# Vacuum source



## markqf1 (Oct 9, 2009)

I'll share this with you guys because it just occured to me, how impressed with it I am.
For over a year I've been using a PELA oil extractor (model # 6000) as a vacuum source.

You can control the exact amount of vacuum you want, by hand.
It has worked excellently for me and continues to do so.

http://www.pelaproducts.com

Mark


----------



## 4metals (Oct 9, 2009)

An aspirator type vacuum is cheaper and it doesn't require pumping. Then again in Georgia you either have drought or flood! Pumping may be greener!!


----------



## markqf1 (Oct 9, 2009)

:lol: :lol: 
This is true.
When you're dealing with real fine particles sometimes, less is best.
I have an aspirater type too, but it's not nearly as good or cost effective, for what I need.
Neither is my electric one. :lol: 

Mark


----------



## 4metals (Oct 9, 2009)

Are you filtering in a Buchner funnel?


----------



## Anonymous (Oct 9, 2009)

An old refrigeration compressor becomes a handy shop tool, the two small steel lines near the bottom of the can you can ignore. These were tied into the cooling system to circulate freon to the base of the compressor to help cool the motor. Compressing gas into a liquid all day long generates heat

For what your going to use the old compressor for it can run day and night without overheating. Next on the can you'll see another pair of lines one steel and the other a larger copper one.

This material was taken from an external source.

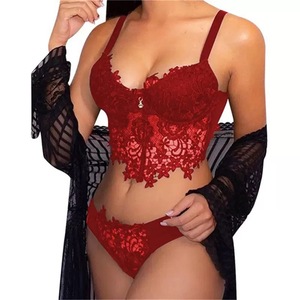 Ensemble de lingerie sexy 2 pièces de style nouveau avec bretelles en dentelle - Vêtements intimes séduisants pour femmes - Product Image 2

The oil cooler lines are looped inside the can, if you were to blow on one side the air would come out the other. When you cut this pair leave a 1/4 inch stub or your can could leak oil.

First time run with out being tied into the refrigeration system you will get some oil blowing out the high side, freon has an affinity for oil and no matter how long the unit was under evacuation there will still be some freon in the oil and when you start the motor the heat will drive it out casing some oil to escape with it. This situation does not last long and nothing to worry about, do it outdoors and be sure to use a catch pan or cloth over the pipe to catch any oil.

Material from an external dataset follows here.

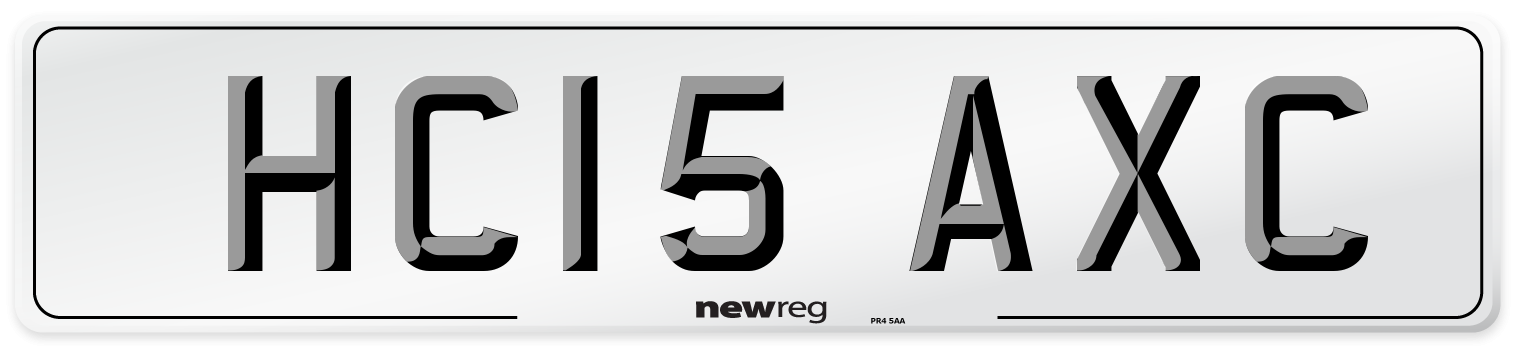 HC15 AXC Number Plate from New Reg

The larger copper line in the suction line, these compressors is good used condition will still pump down to 29 inches, the small steel line is known as the high side this is your pressure side or outlet. 

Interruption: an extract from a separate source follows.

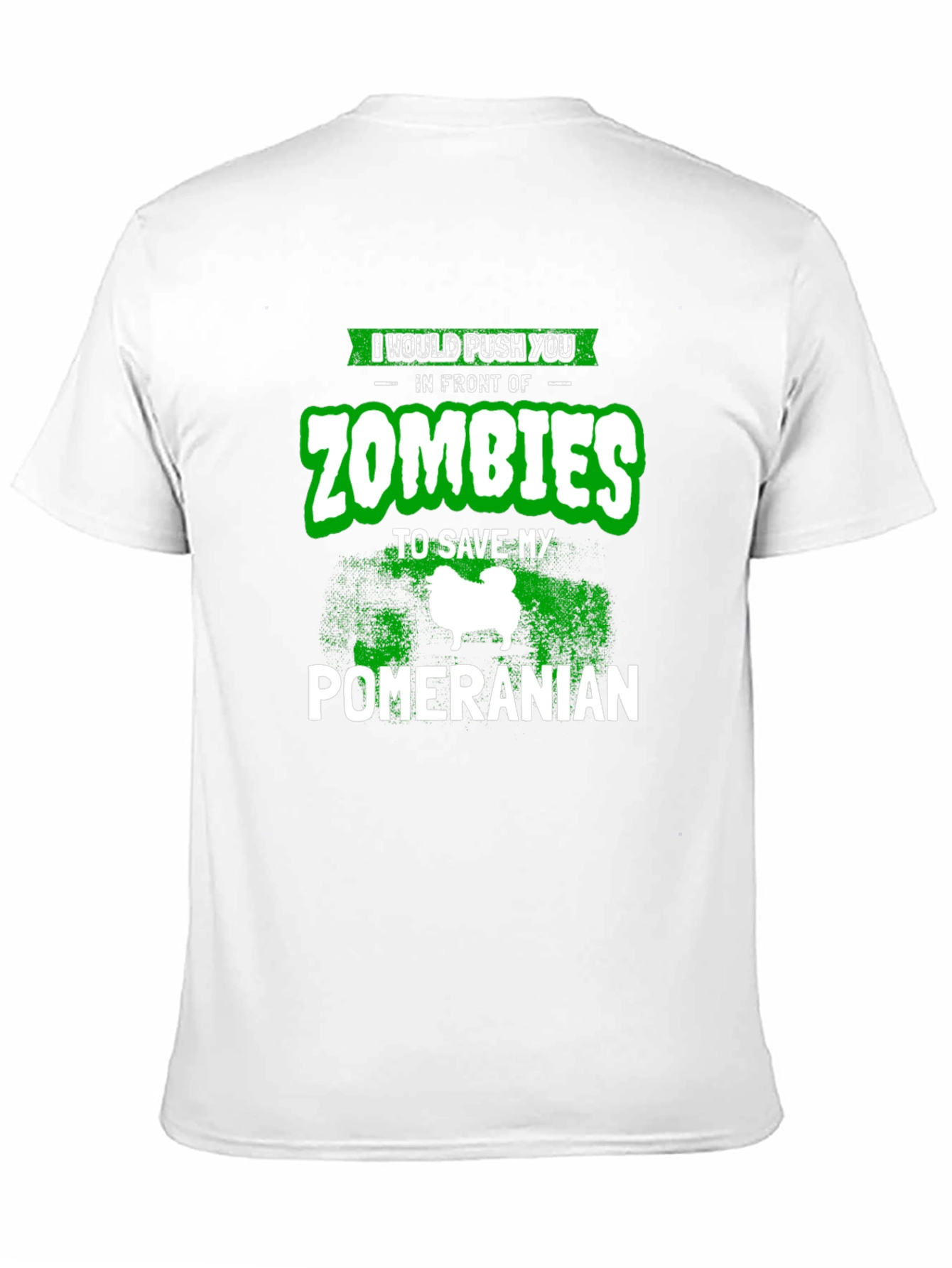 Funny Pomeranian Zombie T-Shirt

The high side can and will pump pressure in access of 400 psi, so it your using the compressor as a tire pump never leave it unattended, unless you like surprising your neighbors with loud noises. Possible bodily harm could result along with law suits - use at your own discretion. 

Those nickel and dime garages that have pay for air, this is exactly the system they're using along with some extra safety features factory installed.

From the Dentist office we recently cleaned out, the compressor used is a modified twin cylinder 1 HP. refrigeration compressor. The compressor body no longer hermetically sealed as the factory installed oil filler the sight glass still in the stock location, has a muffler/filter combination on the suction side along with an air dryer installed with more water filters and a regulator. This thing is 22 years old and runs as good the day it was installed.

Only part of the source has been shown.